The authors also make a careful distinction between emotion recognition and emotion-conditioned response generation. The sensing modules may be imperfect, but the dialogue model is trained to use their outputs as soft, continuous cues rather than hard decisions. This is important because in real systems, affect estimation will often be uncertain.
Limitations and Responsible Deployment
The paper is explicit that the work is still limited by the synthetic nature of the training data and by the compactness of the VA representation. Synthetic dialogue may not capture the full diversity, disfluency, and long-horizon dynamics of real conversation. A single VA coordinate also cannot fully represent blended emotions, fast shifts within a turn, or culturally variable interpretations of emotion labels.
Evaluation is another limitation. Much of the scoring relies on an audio-capable LLM judge, and the paper notes that the data, TTS, and judge are all Qwen3-based, which can introduce family-specific style bias. The authors partially mitigate this by including Qwen3-Omni as a baseline and by reporting human Emotion MOS, but they still call for independent audio judges and broader comparisons.
Deployment raises privacy and safety concerns. Facial expressions, speech, EEG, ECG, eye tracking, and self-reported emotion are all sensitive signals. The paper recommends opt-in sensing, disclosure of what is being collected, minimal retention of raw sensor data, and user override of affect conditioning. It explicitly warns against covert emotion surveillance, diagnosis, manipulation, protected-attribute inference, and high-stakes decisions without separate validation and governance.
Overall, the paper’s conclusion is that continuous affect conditioning is a practical step toward more emotionally adaptive voice assistants, but that robust deployment will require personalized calibration, better real-world human studies, and more careful handling of sensor uncertainty and consent.
Code & Implementation
This repository implements the Sympatheia emotionally adaptive voice assistant described in the paper. The core code is in the src/ directory, which contains scripts for training, inference, dataset creation, evaluation, and integration with external emotion sensing modules.
The main training script, src/train_sympatheia.py, fine-tunes the GLM-4-Voice-9B model using LoRA adapters on the Sympatheia-18k dataset. Training hyperparameters are configurable via src/config.yaml.
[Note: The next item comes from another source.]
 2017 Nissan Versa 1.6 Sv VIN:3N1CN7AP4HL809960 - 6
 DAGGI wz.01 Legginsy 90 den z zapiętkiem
The dataset is pre-encoded into a JSONL format with audio tokens and dialogue text that includes continuous valence-arousal (VA) affect conditioning.
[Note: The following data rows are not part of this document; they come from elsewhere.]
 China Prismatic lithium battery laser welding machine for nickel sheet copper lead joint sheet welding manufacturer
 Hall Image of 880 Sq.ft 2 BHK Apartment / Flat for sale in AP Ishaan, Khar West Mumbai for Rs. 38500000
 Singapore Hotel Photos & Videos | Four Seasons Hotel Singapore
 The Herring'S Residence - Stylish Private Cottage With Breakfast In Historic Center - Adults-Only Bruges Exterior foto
Inference is performed by src/inference_sympatheia.py, which loads fine-tuned checkpoints and generates speech responses conditioned on 12 discrete emotion anchors and interpolated affect states via continuous VA coordinates. The system supports running inference over multiple checkpoints with audio output saved in designated result directories.
Additional components include dataset creation pipelines under src/dataset_creation/, evaluation scripts with LLM-based judging under src/eval/, and modules for emotion input integration such as face or textual emotion sensing in src/integration/. The TTS vocoder and codec components are located in src/vocoder_src/ and src/cosyvoice/.
The README provides detailed instructions for setup, including acquiring the pretrained GLM-4-Voice base model and decoder weights, as well as running training, inference, demo, and evaluation pipelines. Model checkpoints and the synthetic Sympatheia-18k dataset are available via HuggingFace links listed in the README.